In its En Banc session in the morning of January 29, 2019, the Court briefly discussed the Reports and decided to call for an executive session to be held just before the oral argument scheduled in the afternoon of the same day. During this executive session, and in the presence of counsel for petitioners, the Solicitor General again argued against the release of the Reports to the public. After I expressed the view that the Reports did not contain sensitive material, such as secret sources of information or names of confidential informants, and thus should be made available to the public,8 the Solicitor General changed tack and asked to seek clearance from his principals on the matter.

As it would turn out, the Government had no objections and the Reports were eventually made available to petitioners.
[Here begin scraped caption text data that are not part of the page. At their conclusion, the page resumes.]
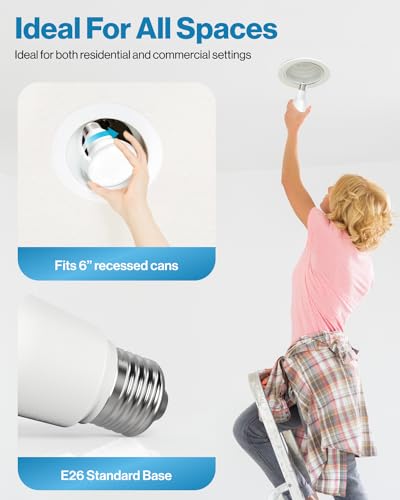 Sunco BR40 LED Light Bulbs, Indoor Flood Lights, Recessed Can Light Bulb, 1400 LM, 17W (100W Equivalent), 2700K Soft White, Dimmable, E26 Base, for Home, Bedroom, Kitchen UL 4 Pack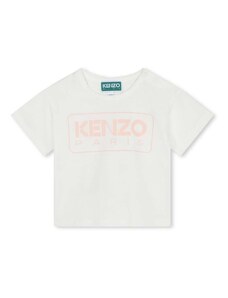 Otroška bombažna kratka majica Kenzo Kids bela barva
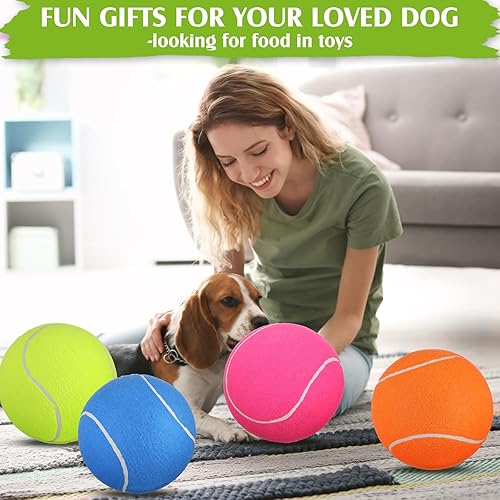 Miniatura 2 de Paquete de 4 pelotas de tenis gigantes inflables para perros de 9.5 pulgadas, pelota de goma grande para interiores y exteriores, pelota de tenis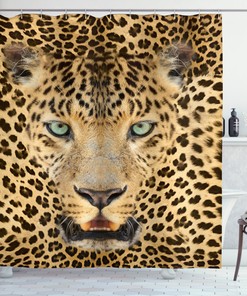 African Predator Leopard Shower Curtain for Animal Print Bathroom Decor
Still, and considering the effects of a declaration of martial law and the suspension of the privilege of the writ of habeas corpus, I feel strongly that such a decision (whether to make public the presentation of the Government's factual bases) should not be left to the latter's will or benevolence.

Furthermore, I feel that the Court could have had a more robust response to the Government's claims of confidentiality. In cases such as this, transparency should be the rule, confidentiality the exception. The Court should be neither allayed nor cowed by general invocations of reasons of national security; to be the meaningful check the Constitution intended it to be, the Court should require more than general invocations of confidentiality. All evidence should be made public, save for instances when the Government is able to immediately show how a specific piece of evidence, if publicly disclosed, may reveal critical information.9

For the same reasons, it is my view that the public, through petitioners and their counsel, must be given access to the Government's evidence at the earliest possible time. Here, although copies were made available to petitioners the same afternoon of the oral argument, they (and, more importantly, the public) were still deprived of four days, from the time the Reports were made available to the Court, to vet the Government's evidentiary claims.10 As shown by Justice Benjamin S. Caguioa's thoughtful and detailed analysis, the accuracy of the Government's Reports leaves much to be desired, including, but not limited to, its identification of its sources, attribution of responsible groups, and the number and location of violent incidents. An approach that gives the public more time to independently verify the facts as presented by the Government would also serve to sharpen the sense of obligation and responsibility of the concerned Government functionaries to make their Reports as accurate as possible, and, in turn, enable the Court to better ascertain the truth respecting the matters of fact presented to it.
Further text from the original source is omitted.